Rincon Zoning Controversy

The location of a future convenience store in Rincon is just too close for one church. The problem isn't so much the store, but some of what it will sell: alcohol.

Effingham County's ordinance reads "no licensee shall knowingly and intentionally sell or offer to sell any wine or malt beverages within 300 yards of any church, school building or school grounds." It sounds pretty cut and dry, but that depends on how, exactly, those 300 yards are measured.

"I don't have a problem with a BP station," said Pastor Andy Brownly of Goshen United Methodist Church. "But why do we have a place that's going to sell beer and wine across from a church?"

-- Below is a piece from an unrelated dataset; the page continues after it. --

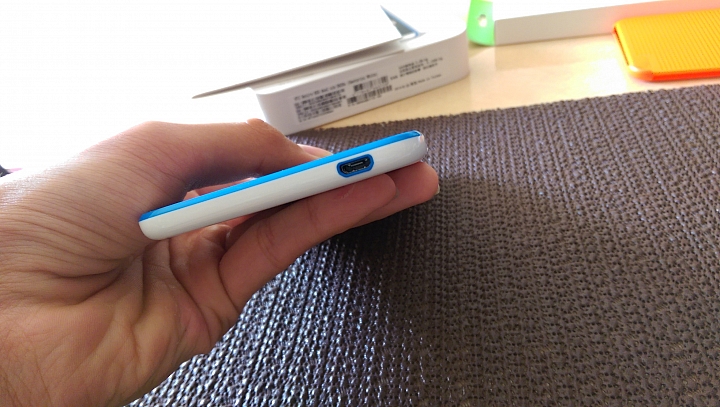 HTC Desire 820藍天白開箱囉~~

It's how far across from the church that has the pastor asking questions, because once the BP is up and running, it will sell alcohol. The county says the BP complies with the ordinance at 300 plus yards away from the church. Brownly says it's actually less than 200, violating the ordinance.

The reason the measurements don't match up is because of how they were taken. The church measured from the property lines, the county measured from door to door.

Jackie Davis is Effingham County's zoning administrator. He is the one who determined the BP was 300 plus yards from the church.

"We measured from front door to front door of the business, the way you would drive a car," he told us.

Pastor Brownly described Davis' route, saying, "He went out the driveway, around Goshen Road, down Goshen Road, behind the BP station, into the BP station, and then back around front."

Brownly argues that, had the measurement been done the opposite way, from the the BP to the church, the end result would have been much different.

"There's a one-way section of the road that comes straight through the front of our building, which would have cut off about 100 yards of what they traveled," he said.

We talked with the county attorney and he says there is nothing officially written stating how to measure when it comes to this particular ordinance, and he also said it's just a matter of routine. But, Brownly says even if the BP is able to sell alcohol, the law should be changed to avoid another problem like this is the future.